While not causing any major issues (yet), it generates alerts as it's generally not the case for us to have messages sitting in the SCQT unless we do have a maintenance somewhere.
Thank you for your input✌
------------------------------
Sebastian Wilk
Original Message:
Sent: Tue March 07, 2023 01:21 PM
From: Andrew Hickson
Subject: Uncomitted Messages on CLUSTER.TRANSMIT - How to find the cause
These messages an not simply "uncommitted", but are in a prepared state. The XA format id is "WASD" which implies some WAS application put messages onto the SCTQ and then failed between the prepare and the commit (only an MQ channel should ever get messages from SCTQ as part of a two phase transaction).

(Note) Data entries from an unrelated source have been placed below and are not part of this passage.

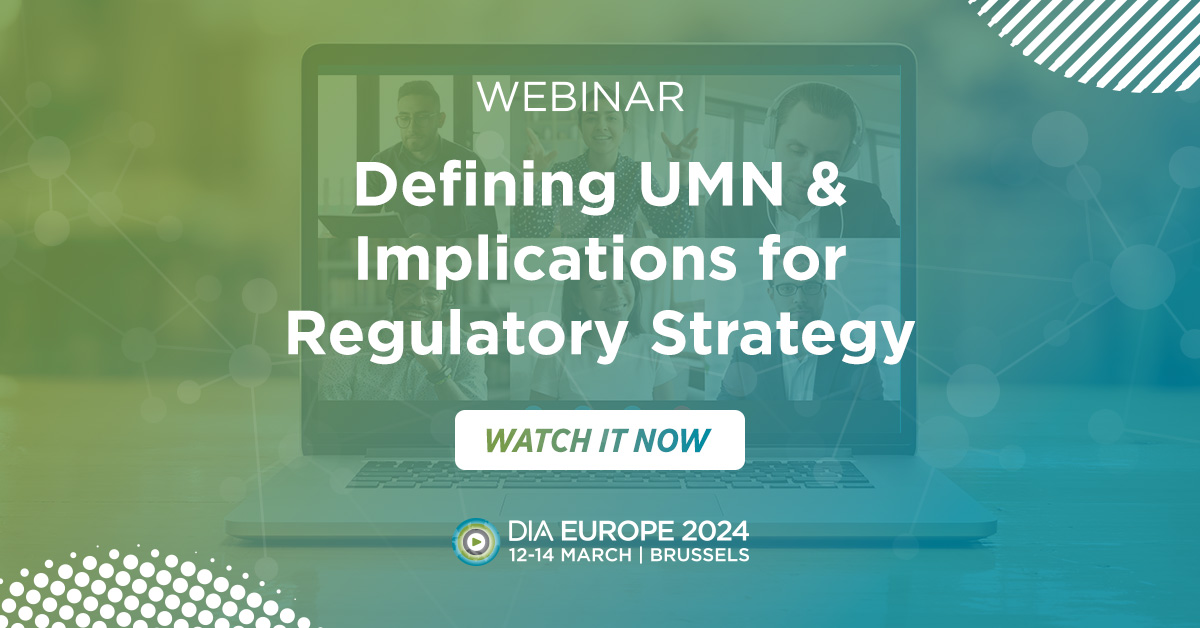 Unmet Medical Need (UMN) is a provision in the EU Pharmaceutical Legislation. Are you ready for the implications? DIA Europe 2024 addressed this in a free on-demand session, exploring the #UMN concept, new definitions, and future challenges. Watch it now: bit.ly/3S8XCYv.
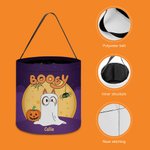 Gepersonaliseerde 1-6 Booey Ghosts Naam Snoepemmerzak met Handvat Herbruikbare Halloween Trick or Treat Feestartikelen Cadeau voor Kinderen Familie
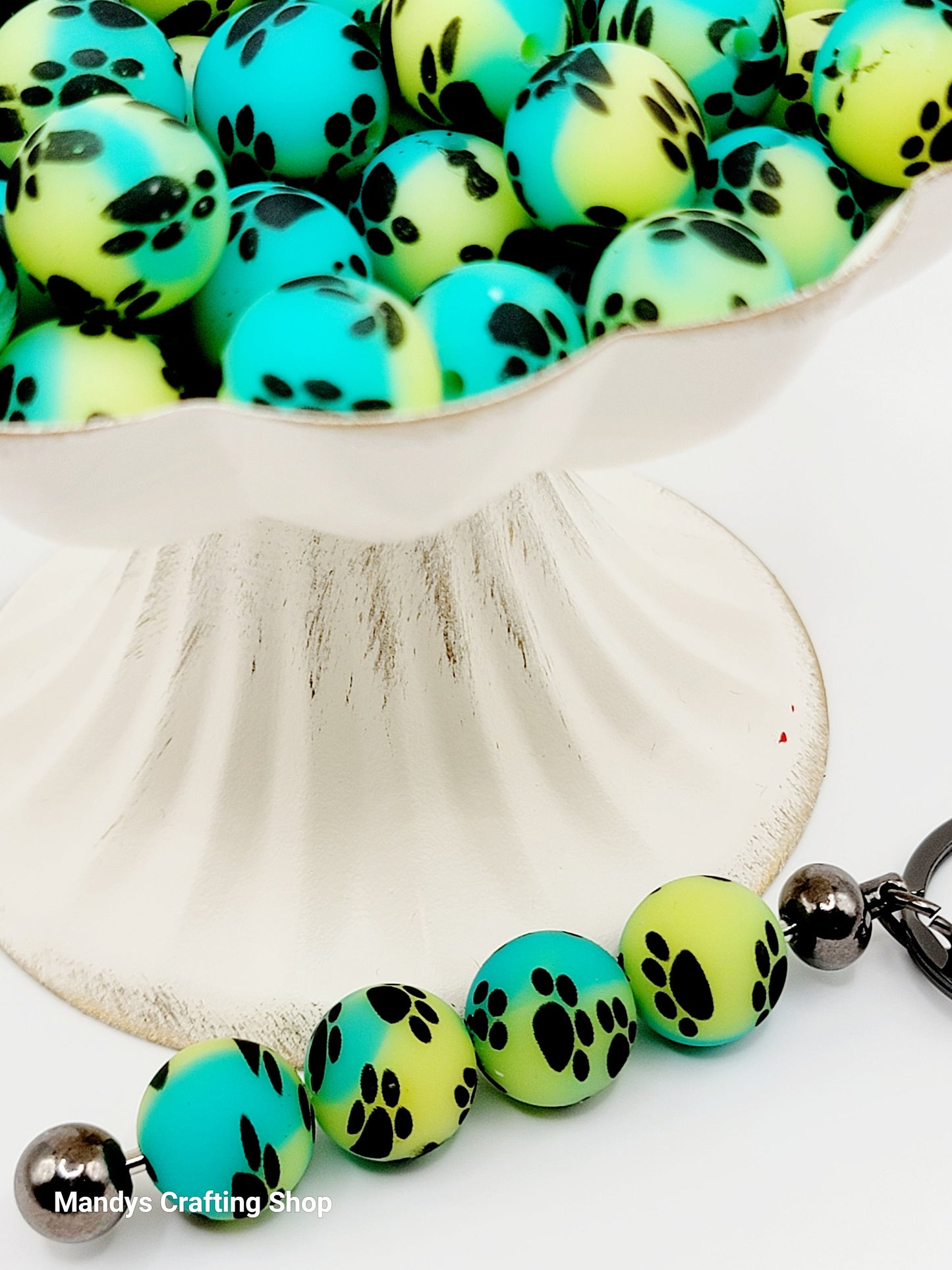 15mm Printed Turquoise & Yellow Paw Print Silicone Beads – Round Pet Beads for Pens & Wristlets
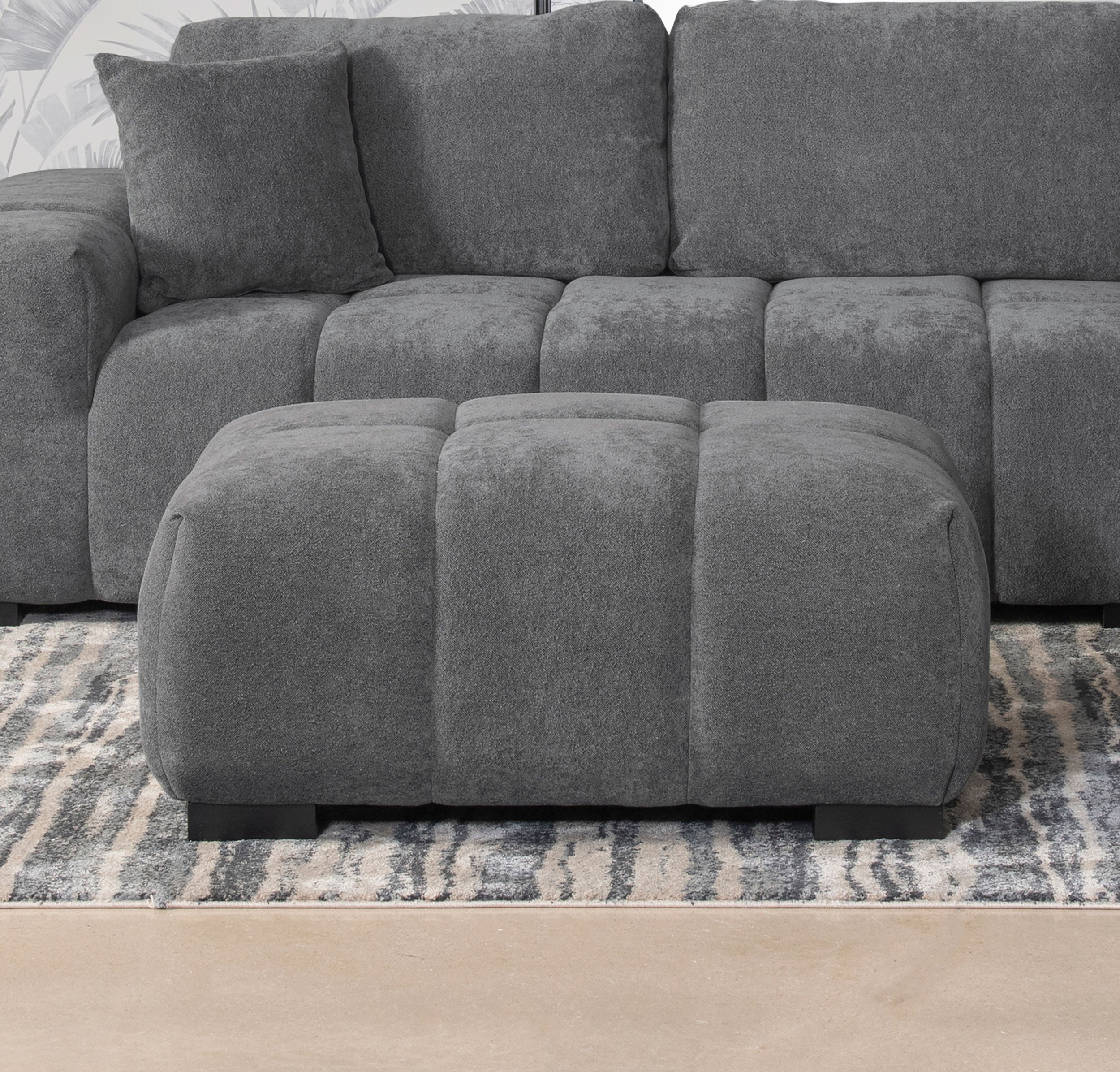 Octavia Upholstered Rectangular Ottoman Charcoal Grey — view 2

The UOWLOGDA and UOWLOGTI are blank, which implies this tranaction has never written anything to the MQ recovery log. This in turn implies that all of the messages in this transaction are non persistent. It's a bit unusual to be using a 2 phase transaction with a non-persistent message.
It's generally strongly advisable not to manually resolve transaction except in very extreme circumstances (typically when a resource manager or transaction manager is decommissioned following some major failure). Normally, when the transaction manager instance (WAS) next establishes a session with this queue manager any indoubt transactions should be automatically resolved. In this case the messages are clearly non-persistent, and so were always at risk of not being delivered, and so it's probably ok to force a backout this transaction (causing the put's to be undone).
As the messages haven't been committed it's not possible to view them through the MQI. As the messages are non-persistent then won't appear in the recovery log. It's quite possible the messages haven't ever been written to disk and only exist inside shared memory buffers inside the queue manager. There is no way for a customer to view the content of these buffers and hence no way for you to view the messages.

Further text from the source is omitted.